#### [EXERCISE]
Return exactly the lines that run from the one containing "#5735 Womens Sheer" to the end of the entries, with both ends included.

#### [Web page caption snippets]
Content starts

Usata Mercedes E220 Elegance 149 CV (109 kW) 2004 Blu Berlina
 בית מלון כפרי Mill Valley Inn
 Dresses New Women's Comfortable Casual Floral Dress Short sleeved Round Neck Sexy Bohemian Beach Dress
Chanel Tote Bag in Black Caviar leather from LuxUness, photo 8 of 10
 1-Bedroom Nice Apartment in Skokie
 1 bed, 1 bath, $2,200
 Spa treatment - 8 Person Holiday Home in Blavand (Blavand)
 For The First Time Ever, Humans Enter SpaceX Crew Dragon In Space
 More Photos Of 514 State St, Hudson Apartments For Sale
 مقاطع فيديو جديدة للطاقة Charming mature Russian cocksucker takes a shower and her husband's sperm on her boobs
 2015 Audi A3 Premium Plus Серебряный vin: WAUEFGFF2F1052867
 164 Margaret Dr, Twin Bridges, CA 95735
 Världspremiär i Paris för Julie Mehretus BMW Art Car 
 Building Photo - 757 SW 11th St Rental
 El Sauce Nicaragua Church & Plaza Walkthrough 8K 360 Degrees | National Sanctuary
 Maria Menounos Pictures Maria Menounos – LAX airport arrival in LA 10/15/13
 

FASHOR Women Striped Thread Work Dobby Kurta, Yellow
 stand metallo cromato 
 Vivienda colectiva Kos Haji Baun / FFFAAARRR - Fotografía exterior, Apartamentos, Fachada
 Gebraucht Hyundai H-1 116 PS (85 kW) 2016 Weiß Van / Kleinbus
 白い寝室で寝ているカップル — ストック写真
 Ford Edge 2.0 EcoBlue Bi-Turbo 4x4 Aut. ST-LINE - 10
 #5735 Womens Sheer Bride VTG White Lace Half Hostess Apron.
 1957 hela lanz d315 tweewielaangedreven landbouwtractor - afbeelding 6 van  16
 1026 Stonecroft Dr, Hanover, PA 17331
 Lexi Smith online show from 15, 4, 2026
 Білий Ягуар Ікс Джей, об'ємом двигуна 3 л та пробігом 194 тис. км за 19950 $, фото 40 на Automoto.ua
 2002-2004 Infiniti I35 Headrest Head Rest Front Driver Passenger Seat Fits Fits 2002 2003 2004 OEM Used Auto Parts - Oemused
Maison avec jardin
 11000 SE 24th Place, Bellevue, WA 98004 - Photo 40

Content ends

#### [RESULT FOR THIS EXERCISE]
 #5735 Womens Sheer Bride VTG White Lace Half Hostess Apron.
 1957 hela lanz d315 tweewielaangedreven landbouwtractor - afbeelding 6 van  16
 1026 Stonecroft Dr, Hanover, PA 17331
 Lexi Smith online show from 15, 4, 2026
 Білий Ягуар Ікс Джей, об'ємом двигуна 3 л та пробігом 194 тис. км за 19950 $, фото 40 на Automoto.ua
 2002-2004 Infiniti I35 Headrest Head Rest Front Driver Passenger Seat Fits Fits 2002 2003 2004 OEM Used Auto Parts - Oemused
Maison avec jardin
 11000 SE 24th Place, Bellevue, WA 98004 - Photo 40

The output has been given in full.